DEĞERLİ VELİLERİMİZ *

Mustafa Altınsoy*

Daha önce yazdığım Türkiye'de Veli Sorunu başlıklı makaleden sonra “Peki hocam, boyutla ilgili tavsiyeleriniz ve çözüm önerileriniz nelerdir?”   şekilli geri dönüşler olduğunda bu makaleyi kaleme alarak ilgili kayıtlarını ayırmaya çalıştım.

Makalemde öğrenci eğitiminden seçilen velilerin yapılması gereken bazı biçimlere ve genel ilkeler üzerine vurgulamak istiyorum. Bu makaleyi velilerimizin hem paylaşarak hem de zaman okuyarak empati yapmalarını tavsiye ediyorum.

Okullarda sadece zihnen ve bedenen eğitim verilmiyor ancak duygusal ve ruhsal eğitim verilmiyor. Gençler, ruhsal ve duygusal eğitimden uzak yetiştiği için iradelerini kontrol edememektedirler.
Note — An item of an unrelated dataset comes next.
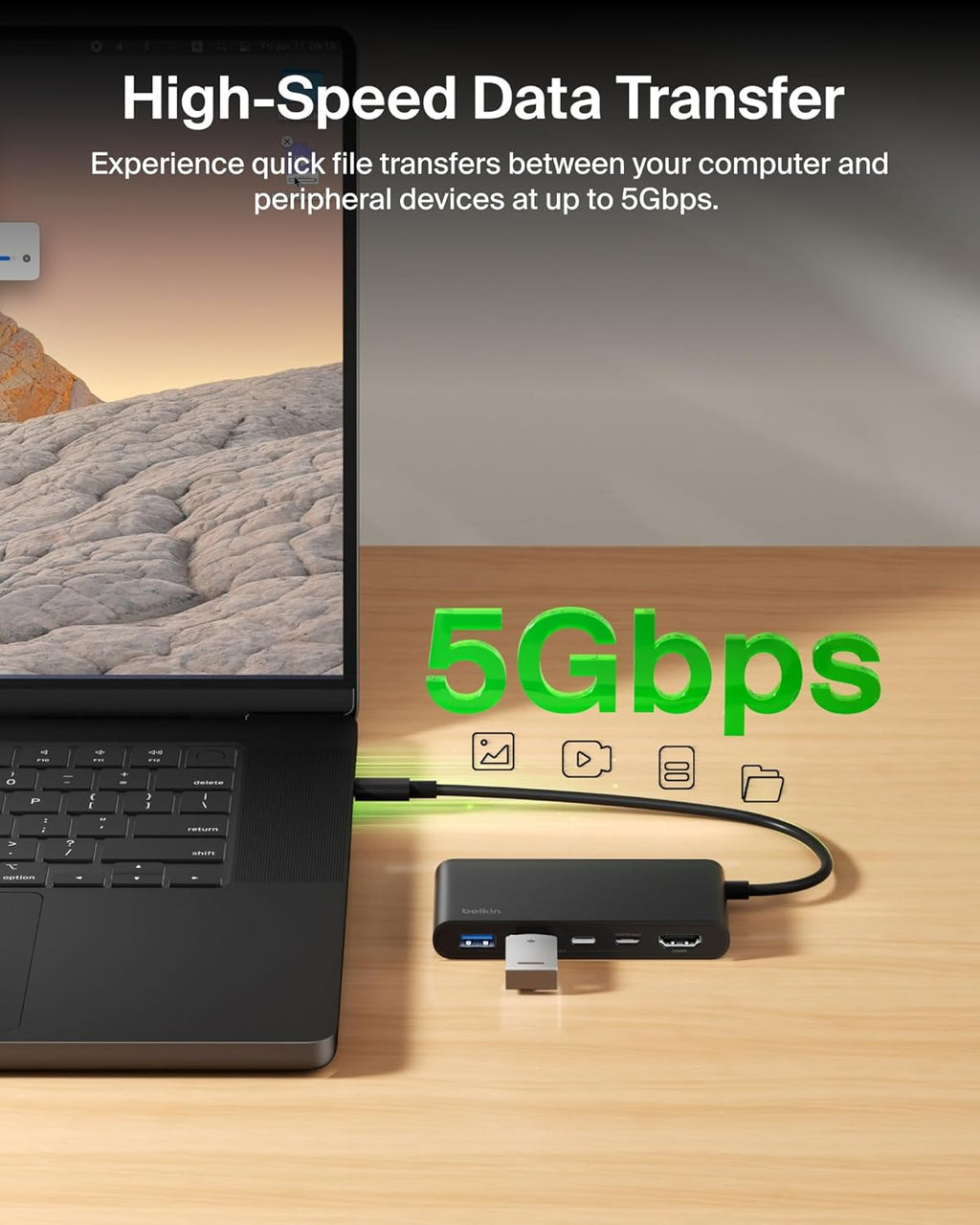 USB C Hub, 5-Port Hub with 4K HDMI Display @ 60Hz, 100W Power Delivery, Fast Data Transfer 5Gbps, USB C Multiport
Çocuk eğitimi üzerine uzun yazılar yazılıyor, güzel kitaplar çıkarılıyor. Bütün yazılanlara eğitim sistemimizde ruhlara değinilmemesine ve kendi kavramlarımızla iletişim kuramadığımız için eğitimde çıktılar, yani günlük yaşamlar gibi yetişmiyor.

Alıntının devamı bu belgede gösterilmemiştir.